Figure 1. Comparison of Vasoactive-inotropic score (A) and serum lactate (B) before V-VA ECMO upgrade and after 24 h under V-VA ECMO support visualized as boxplots and scatterplots. If patients deceased in the first 24 h, the latest value before discontinuation of life-sustaining therapies was chosen.
Predictors of intensive care unit mortality
Stratification of predictive variables at the time of V-VA ECMO implantation and results from Cox regression for 60-day ICU-mortality are shown in Figure 2. Of the variables that showed a significant association with 60-day ICU-mortality, five variables (SOFA score, lactate, VIS, renal replacement therapy and pH) were entered into the multivariate analysis. The PaO2/FIO2 ratio was excluded because it is not a reliable parameter for oxygen requirements under ECMO support. In the final multivariable model, SOFA score > 14 (Hazard ratio 4.28; 95% CI: 1.55–11.80, p = 0.005) and lactate level [(Hazard ratio 1.004; 95% CI: 1.000–1.008), p = 0.049] were significantly associated with 60-day ICU-mortality. Neither in-hospital nor 60-day nor 2-year survival was different between patients receiving initial V-VA cannulation and those receiving initial V-V cannulation with later V-VA upgrade (Supplementary Table 5). The results of the Cox proportional-hazards model are provided in Table 5. Survival plots stratified for these predictors are shown in Figure 3 and Supplementary Figure 1 (Supplementary material). Reduction in VIS 24 h after V-VA ECMO upgrade was significantly associated with improved survival (Supplementary Figure 2 and Supplementary Table 6).

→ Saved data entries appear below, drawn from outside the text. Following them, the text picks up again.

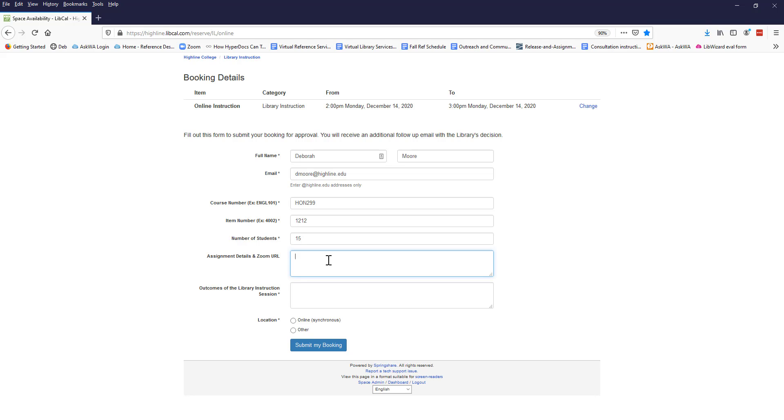Be sure to include your Zoom URL in the Assignment Details section. You can also insert a link to your assignment if it's online or available in a Google Doc. Later, be sure to give the librarian who gets assigned to teach the session access to the Google Doc.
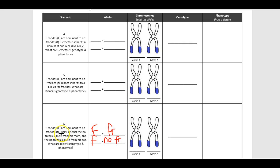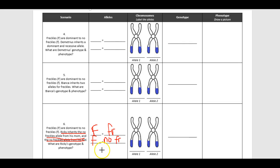As I go back to my problem, it says Ricky inherits the no freckles allele from his mom and the no freckles allele from his dad. I see that the no freckles allele is a lowercase f, so I'm going to put that on each blank.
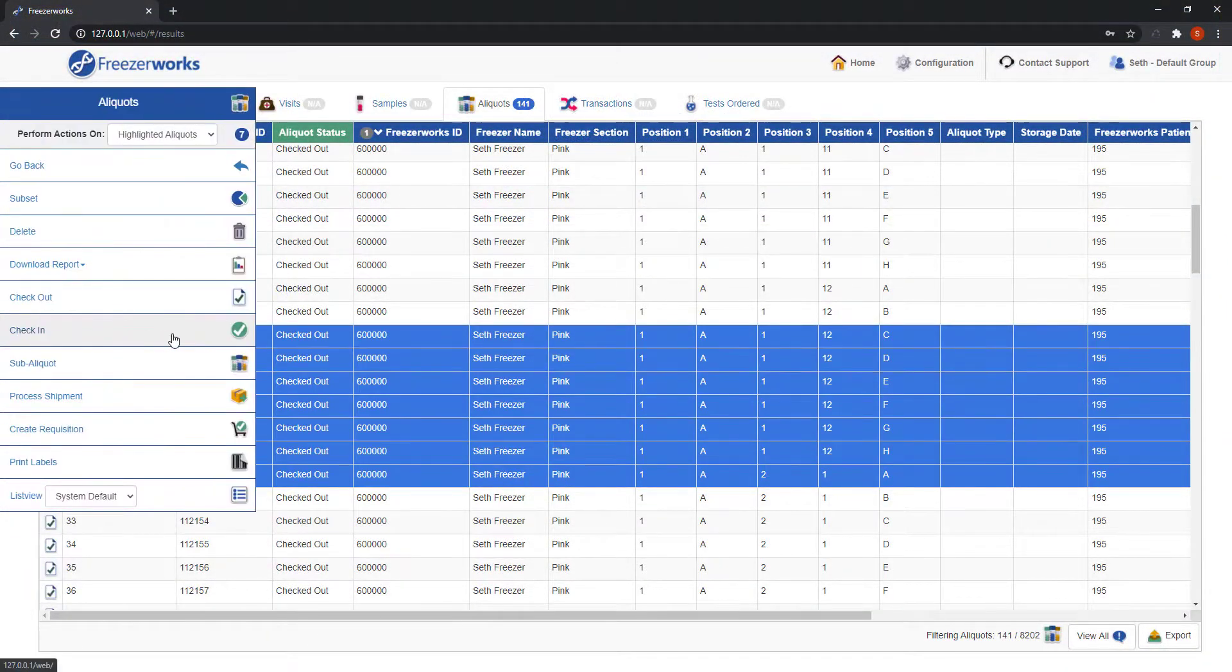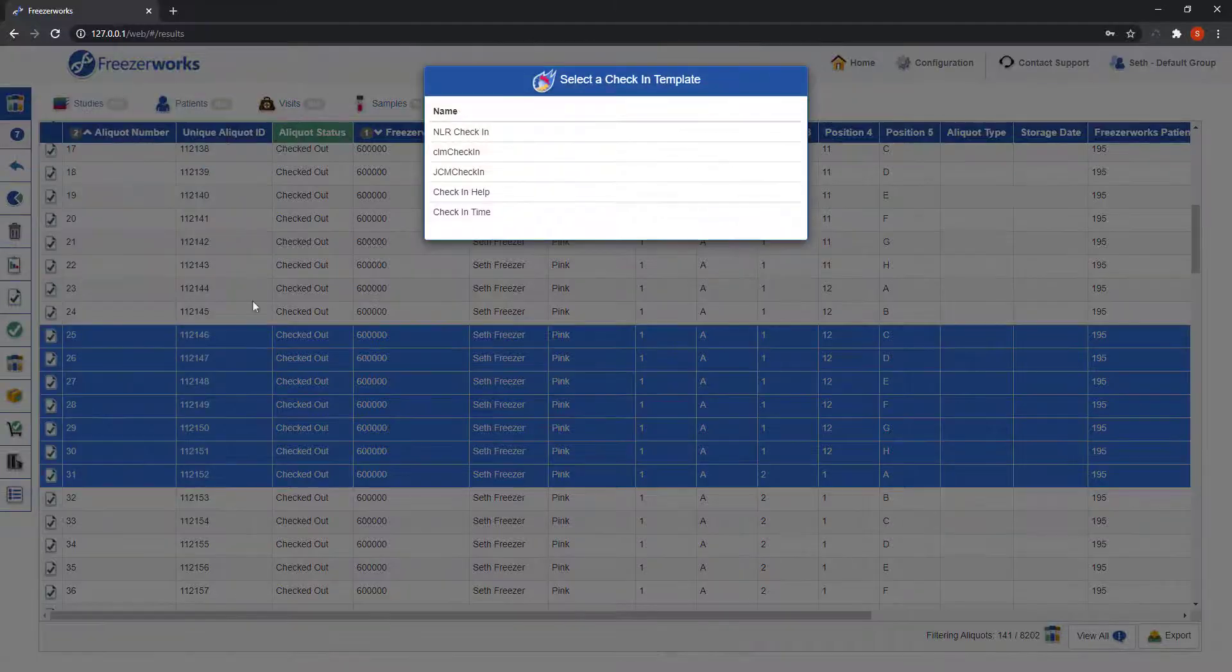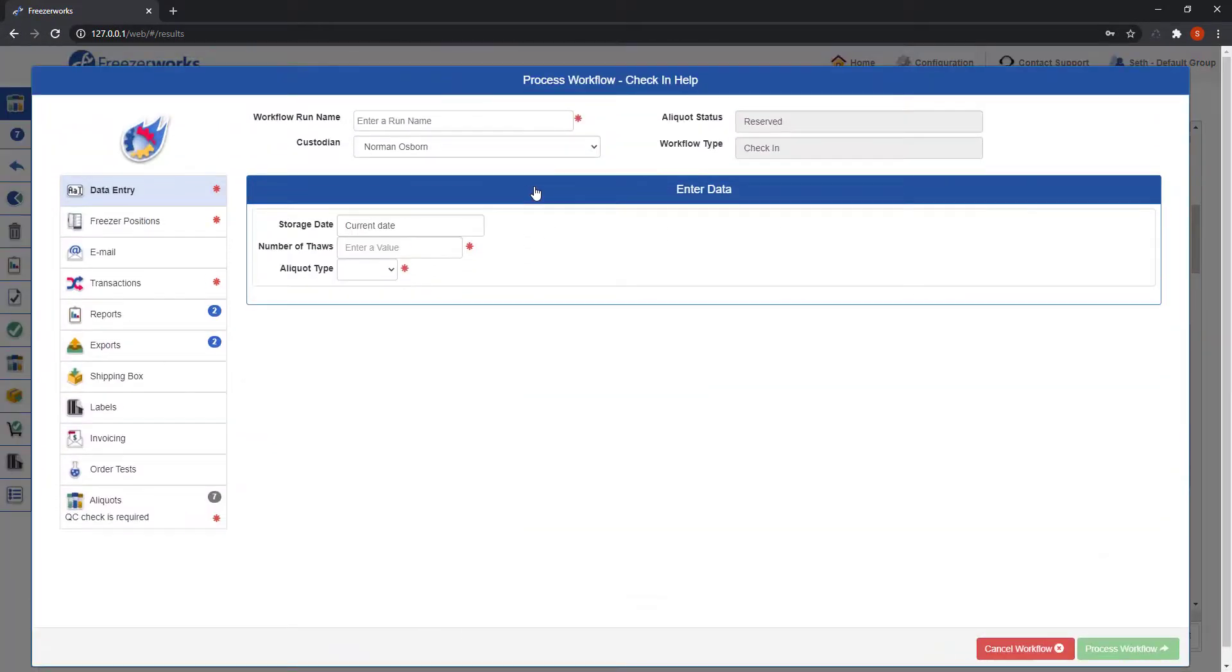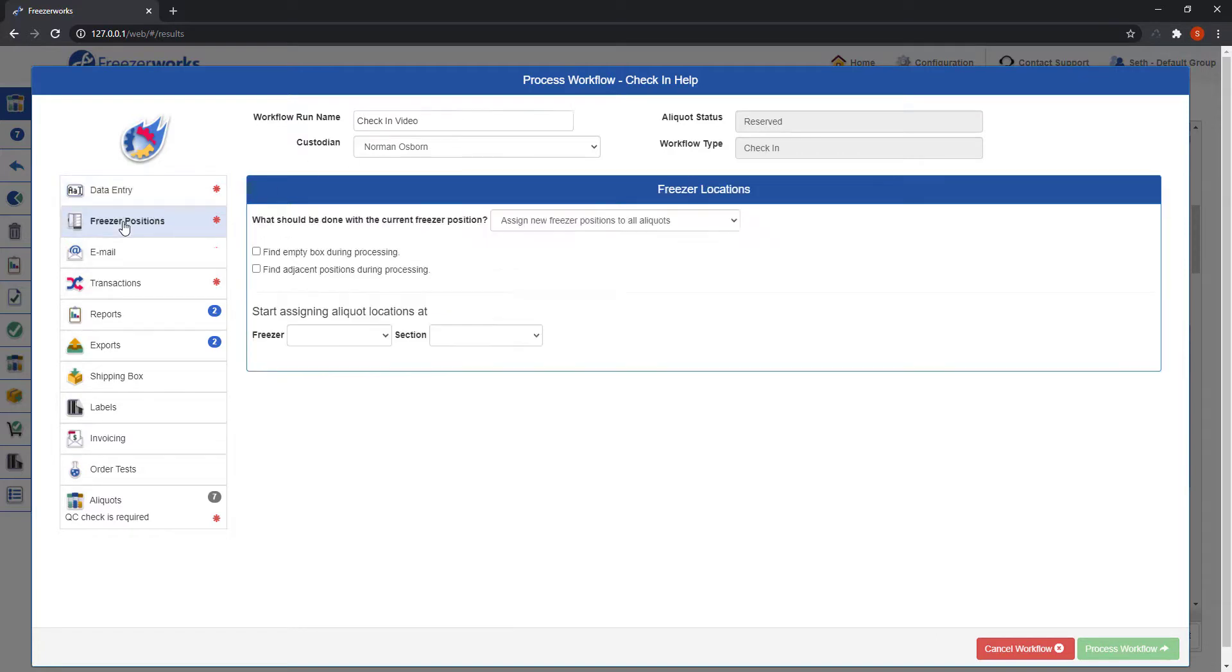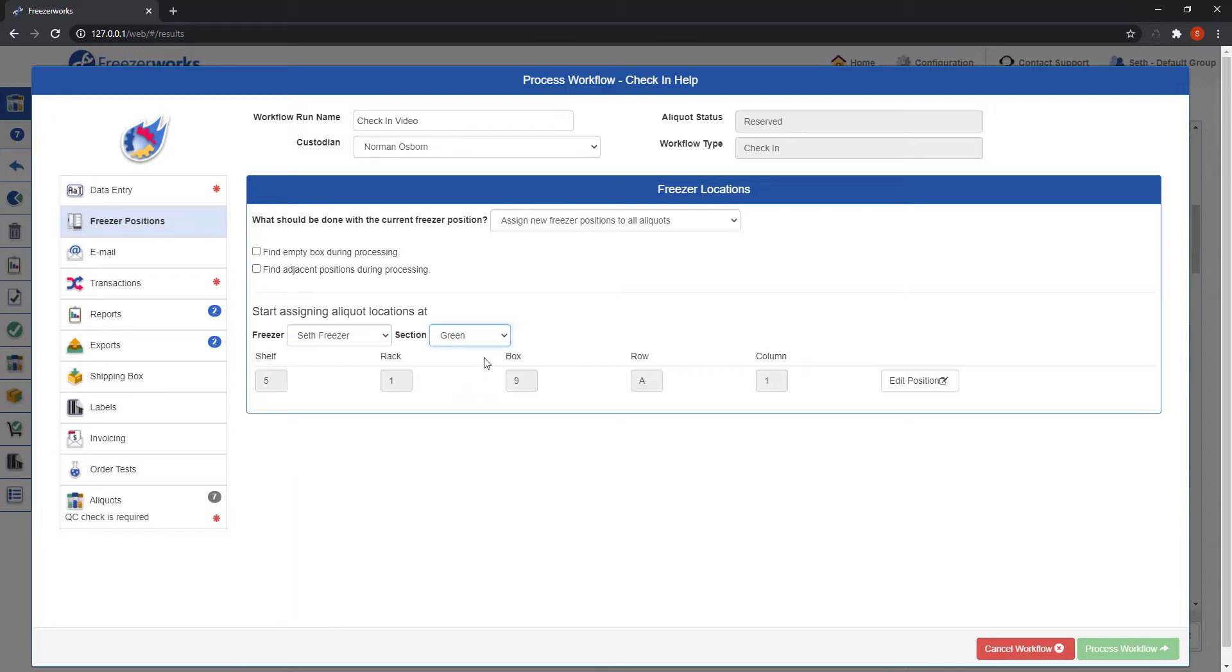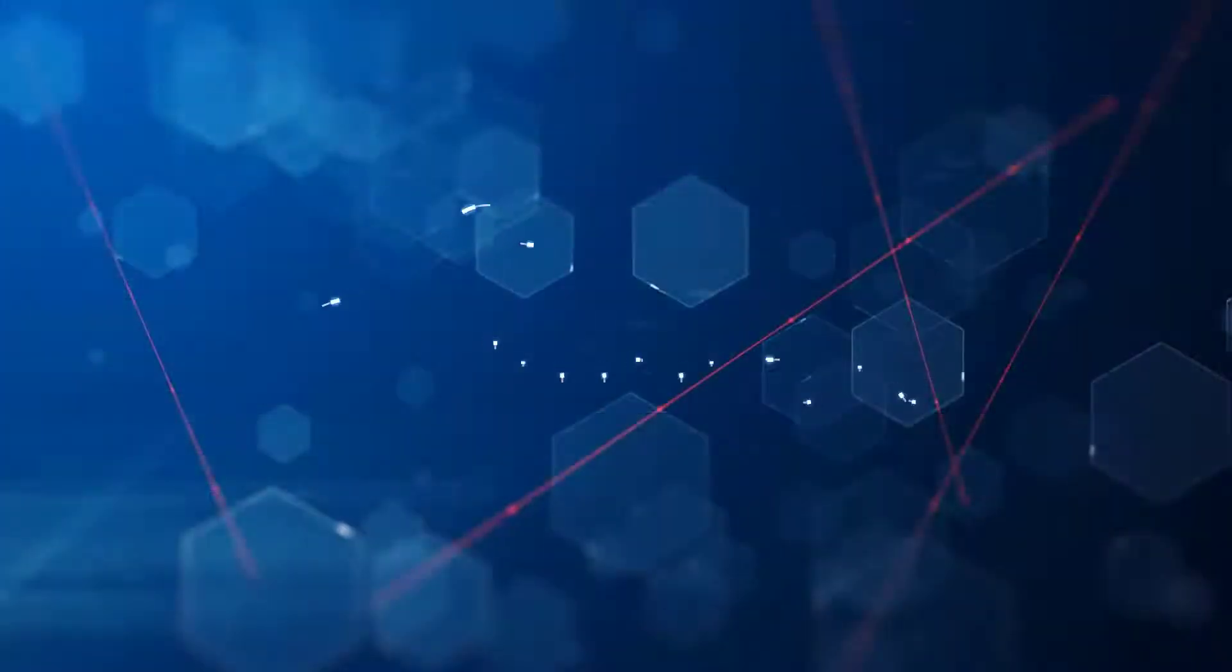Well, that does it for our first part of workflows on the web client. Next time, I'll take you through the other three workflow types: check-in, sub-aliquot, and shipments, because there are some key differences. Just know that the basics of any process workflow form on the web are covered in detail in this video. As always, thanks for watching and see you next time.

Figure 2. Stratification of predictive variables at veno-veno-arterial ECMO cannulation. Left: Predictive variables at the time of V-VA ECMO cannulation stratified in survivors and non-survivors according to 60-day ICU mortality. Values are expressed as n (%) or median (interquartile range). Right: Forest-plot and univariate cox regression for 60-day ICU-mortality. Values are expressed as Hazard ratio (HR) with 95% confidence interval (CI) and p-value. ARDS, acute respiratory distress syndrome; CPR, cardiopulmonary resuscitation; FIO2, fraction of inspired oxygen; Hosp., Hospital; ICU, intensive care unit; iMV, invasive mechanical ventilation; LVEF, left ventricular ejection fraction; PaCO2, partial pressure of carbon dioxide; PaO2, partial pressure of oxygen.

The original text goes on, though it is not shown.